- [What the exercise asks] From the line that contains "Alright, so let's" to the end of the entries, copy each line exactly, though the pictures stay out.

(Material provided)

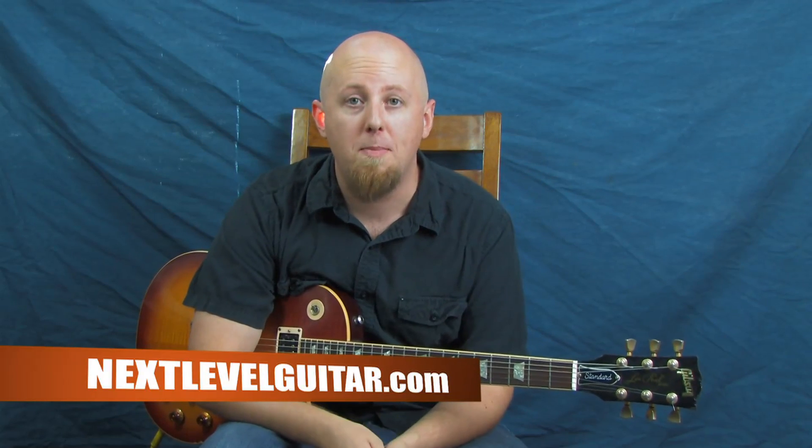I hope you guys learned a lot with today's lesson — I had a lot of fun bringing it to you. Make sure you visit us at nextlevelguitar.com. There's so much information there for you in all styles — anything you'd like to learn, we have you covered. We have around 1,100 guitar videos at last count. Head on over there at nextlevelguitar.com, and I'll see you guys back here next time. Thanks.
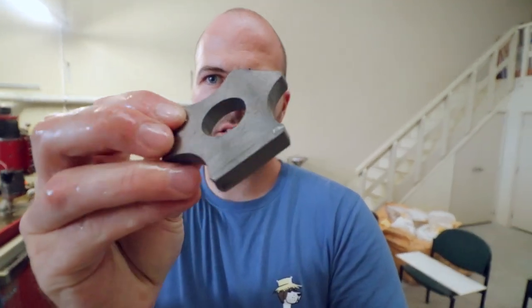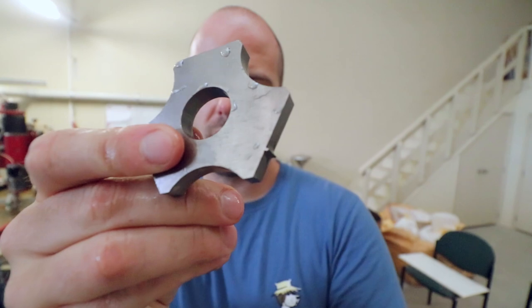And there we have it — one water jet cut spinner. Granted, it is very rough. I mean, I've still got to grind the edges and all that sort of stuff, but that's what I'm going to go to the old workshop for now.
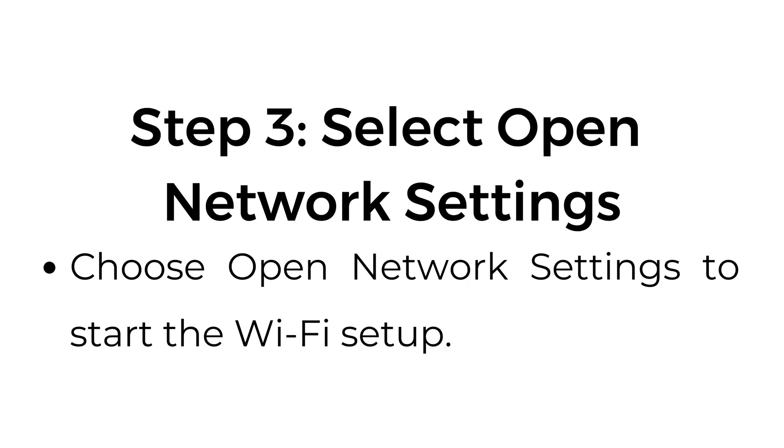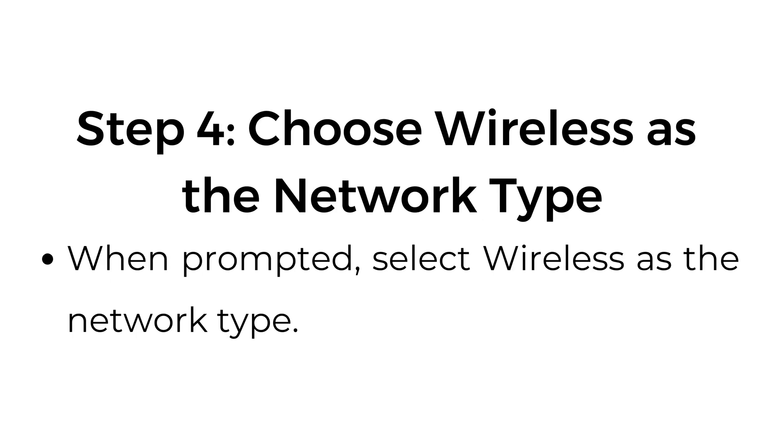Step number three: select Open Network Settings. Choose Open Network Settings to start the Wi-Fi setup. Step number four: choose Wireless as the network type. When prompted, select Wireless as the network type.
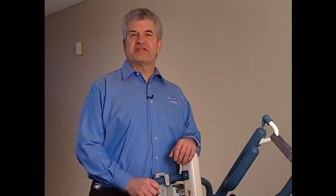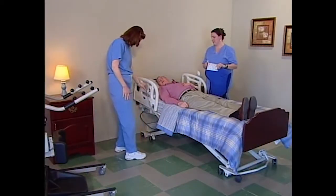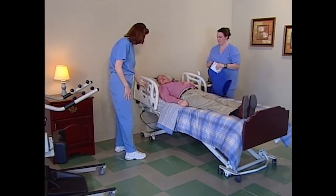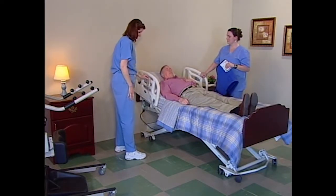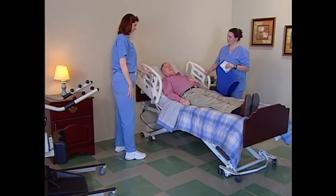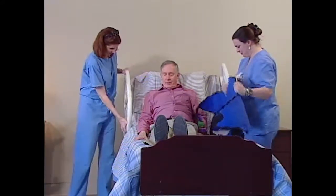Watch as we position a standing sling for a resident transfer. Before performing the lift, make sure that the bed is at a safe working height for the caregiver. Next, get the resident in a seated position on the edge of the bed. Use the head section of the bed to raise the resident to a seated position.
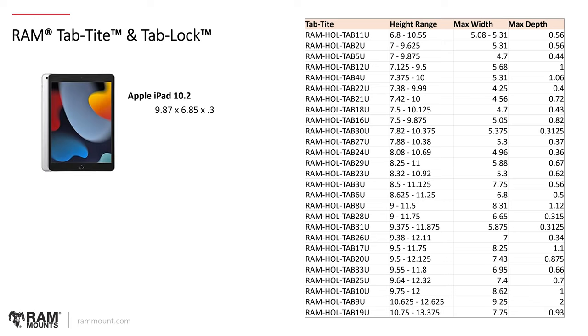We'll work through an example using the Apple iPad 10.2, their latest 9th gen model. The dimensions are 9.87 by 6.85 by 0.3 inches. To determine the best-fitting Tab-type holder, first look at the height — 9.87 inches. Look at the different height ranges on the chart and select all models that fit the 9.87 range. Everything marked red will support 9.87 inches — 9.87 is between the ranges for each of these holders. Many options to choose from, so there's more narrowing down to do.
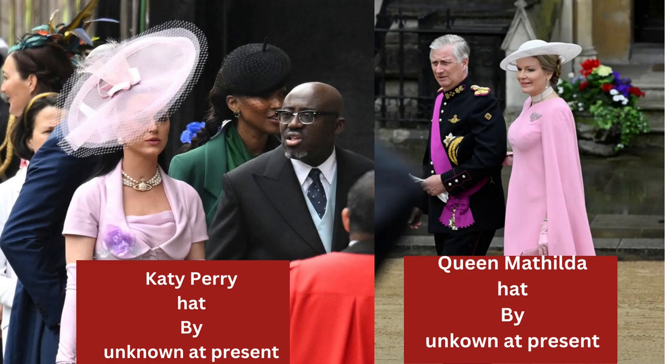Katy Perry's hat — I'm not sure, I have it listed as unknown but I think it was a Philip Treacy. Hers is chiffon — it's all chiffon with wire to keep it in place and then topped with netting and more chiffon and crin. She was told off a bit for the size of her hat, but I think it's very pretty.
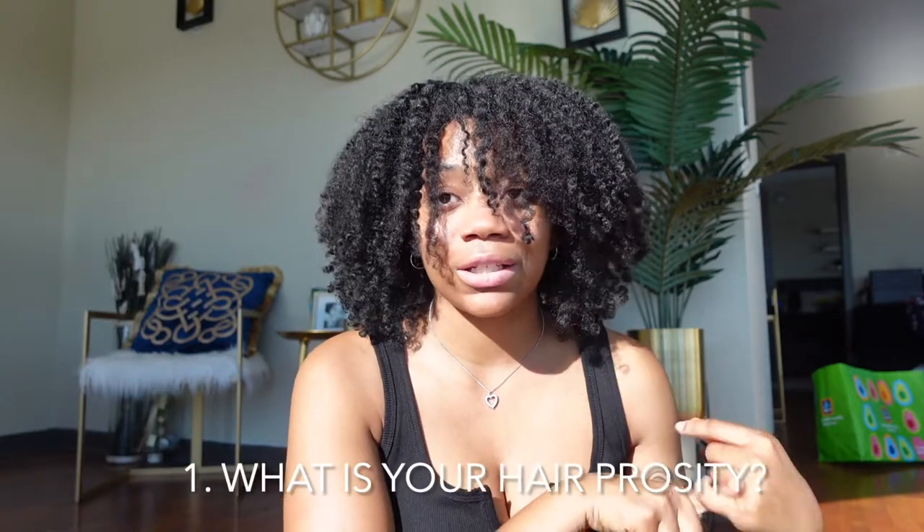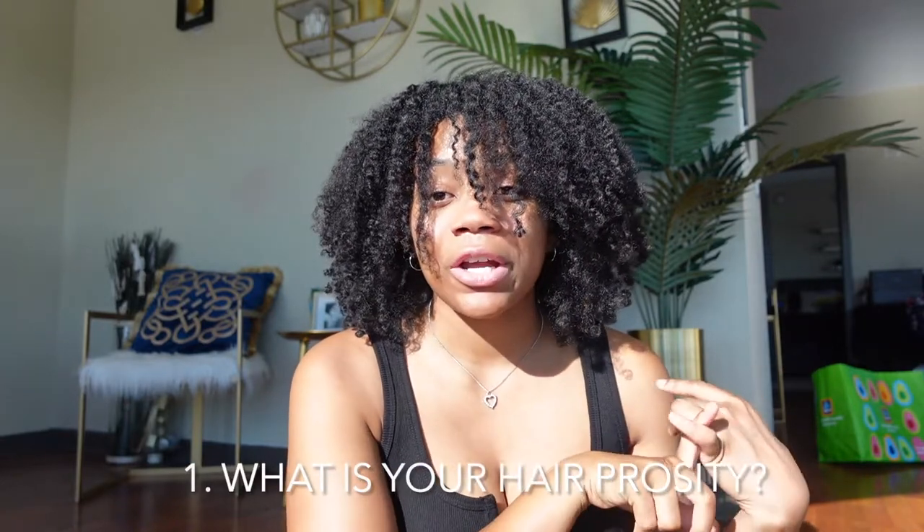Alright, so let's tap in. I wrote everything down in my notes. So the first thing you need to do to start becoming natural is definitely learning more about your hair. You need to learn the porosity of your hair.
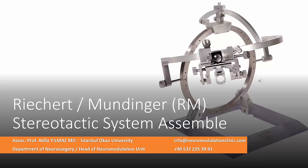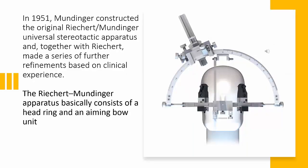Dear colleague, in this lecture you will find the assembly of the Richard Mundinger stereotactic system, also known as the RM stereotactic system. Before starting the assembly, I would like to give a brief introduction about the components of the frame.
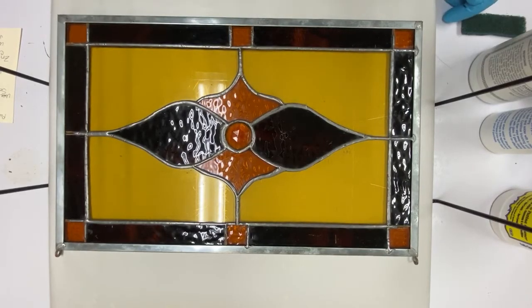This is Susan Dittmar from Inspiration Glass Studio in Georgetown, Texas, and today we're going to discuss the use of black patina.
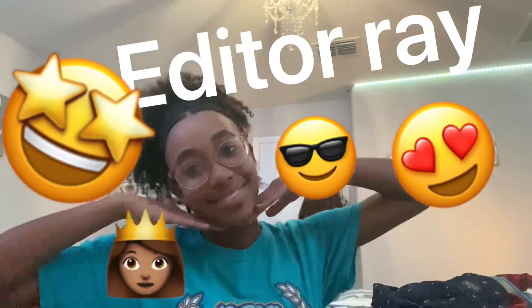Hey guys, it's editor Ray. Ray didn't mention volleyball — so I'm telling you: if you see volleyball clips on Saturday morning, it's because Rayani and Nene had volleyball practice. Okay, bye!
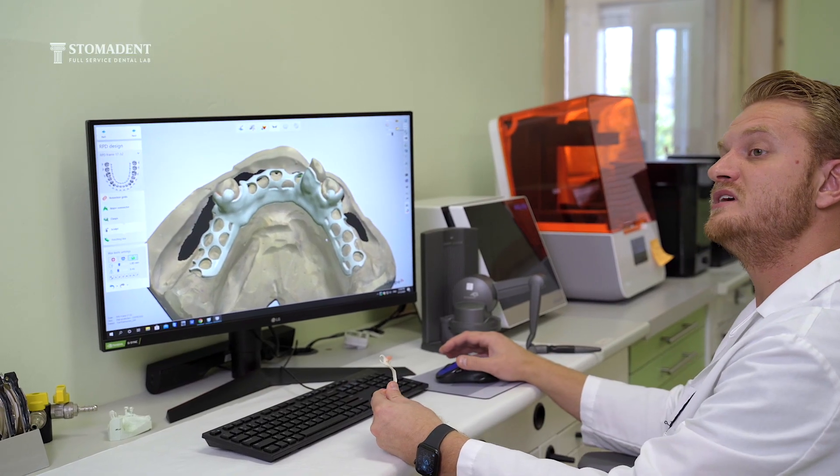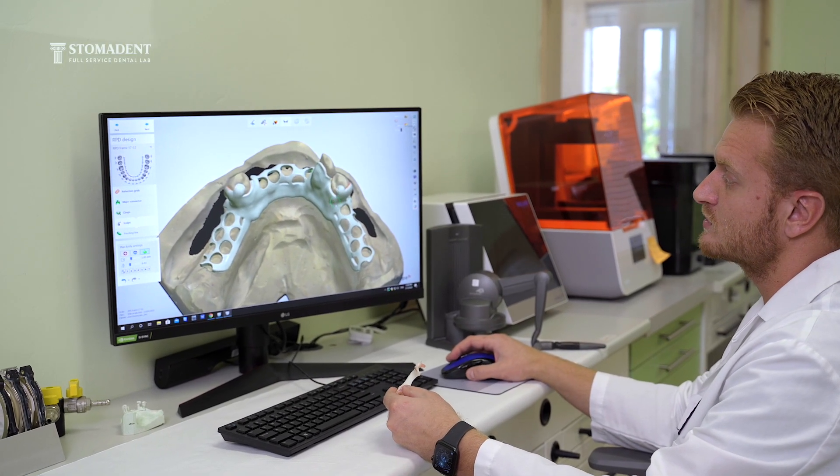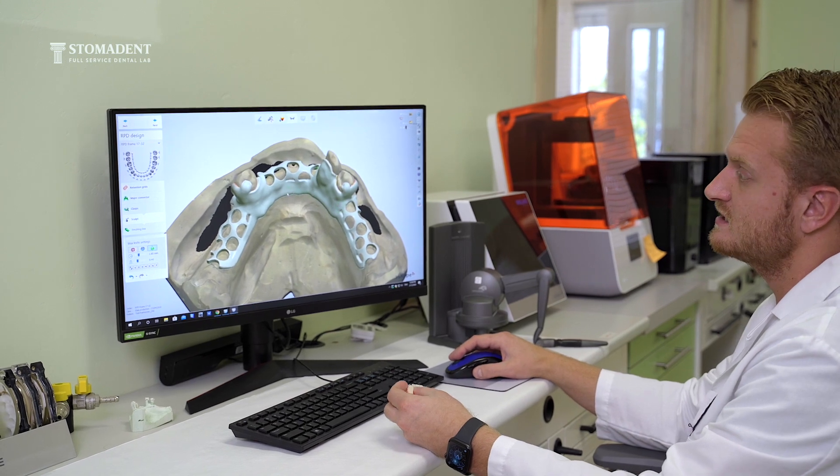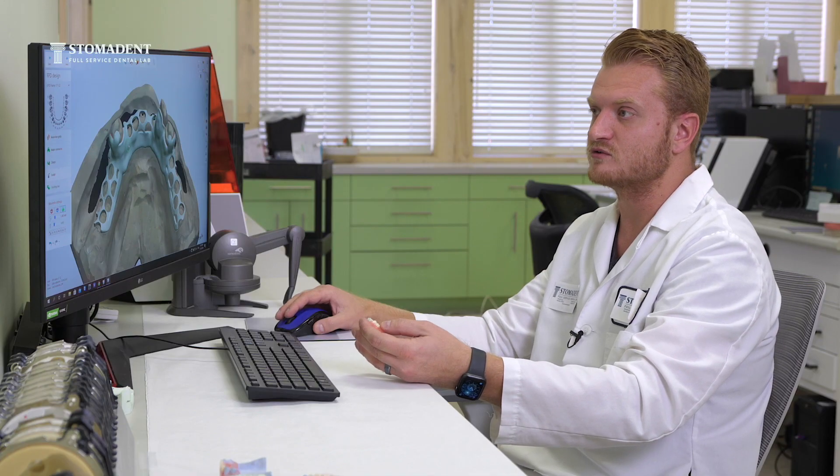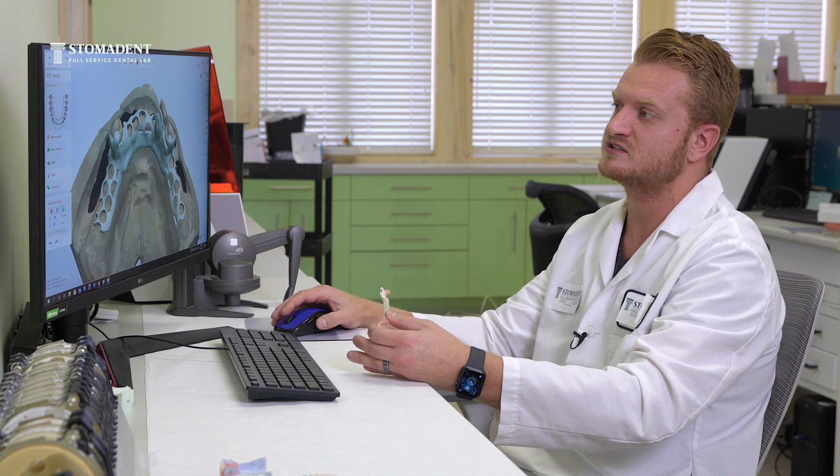The main difference between the metal frameworks such as wyronium or titanium is that these flexible acetal frameworks are tooth colored, so they will match the teeth of the patient and at the same time be flexible in the patient's mouth.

(End Material provided)

- [Response box]
Alright, so let's tap in. I wrote everything down in my notes. So the first thing you need to do to start becoming natural is definitely learning more about your hair. You need to learn the porosity of your hair.
Dear colleague, in this lecture you will find the assembly of the Richard Mundinger stereotactic system, also known as the RM stereotactic system. Before starting the assembly, I would like to give a brief introduction about the components of the frame.
This is Susan Dittmar from Inspiration Glass Studio in Georgetown, Texas, and today we're going to discuss the use of black patina.
Hey guys, it's editor Ray. Ray didn't mention volleyball — so I'm telling you: if you see volleyball clips on Saturday morning, it's because Rayani and Nene had volleyball practice. Okay, bye!
The main difference between the metal frameworks such as wyronium or titanium is that these flexible acetal frameworks are tooth colored, so they will match the teeth of the patient and at the same time be flexible in the patient's mouth.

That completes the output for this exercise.